Ag Sotira started out in the 11th century as an Athenian domed distyle cross-in-square church with the western  part of the dome resting on two columns and the eastern half on the antae (jambs) of the sanctuary. Its full name is the Transformation of the Saviour. The Kottakis bit refers to the family who built it. And that explanation is longer than anything we know about it for sure. In 1847 it became the Russian parish church until they moved upscale and up the street to Sotira Lycodemou in1855.  The big change came in 1908 when the nave was enlarged and elongated making the church a domed three aisled basilica with barrel vaulting. This trick of knocking out the western wall of a cross-in-square church and adding a new nave while using the old church as a sanctuary was a result of population booms after Independence and beyond. The side aisles allowed for the addition of two chapels, Ag Demetrios on the north and Ag Georgios on the south. The iconostasis is not old but it is marble and in the old style.

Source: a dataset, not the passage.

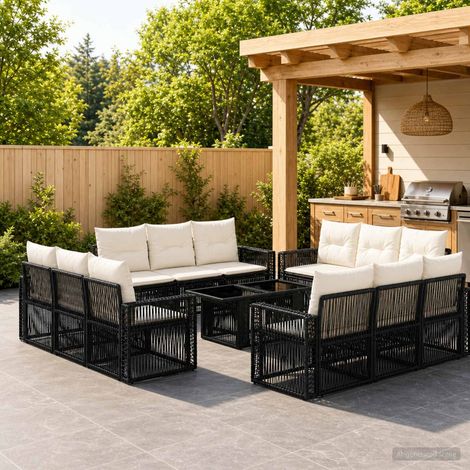 vidaXL Set Divano da Giardino 13 pz Nero e Bianco Crema polyrattan (1/5)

I always think the apses of a church like this look from the outside like little ornate cabooses stuck onto a goods train.  The church seen from the west looks totally different from the church view from the east.
view from the west

view from the east

Many renovations since have fiddled with both its interior and exterior especially again in 1971 when the two bell towers were added.  In 2009 the nineteenth century walls needed more of a renovation that the original church.
No wall paintings survive from the early period and this really should not matter, because this is a church which grew according to its function. There is, however, quite an unusual variation on the newly painted ceiling of the nave See what you make of it:

It looks to me like the Metamorphosis on a disco ball.  If so, the subject matter is correct for the ceiling of the vault but the choice of material wildly idiosyncratic. There are others...


  Ag Sotira has a 14th century miracle working icon called the Nea Kyra, the New Lady, a reference to Mary replacing Athena the sacristan told me. It resides in the side chapel of Ag. Demetrios. 
Almost every visitor to Athens passes by this church more than once and its small shady courtyard provides two ancient columns  to perch on while considering  your next move.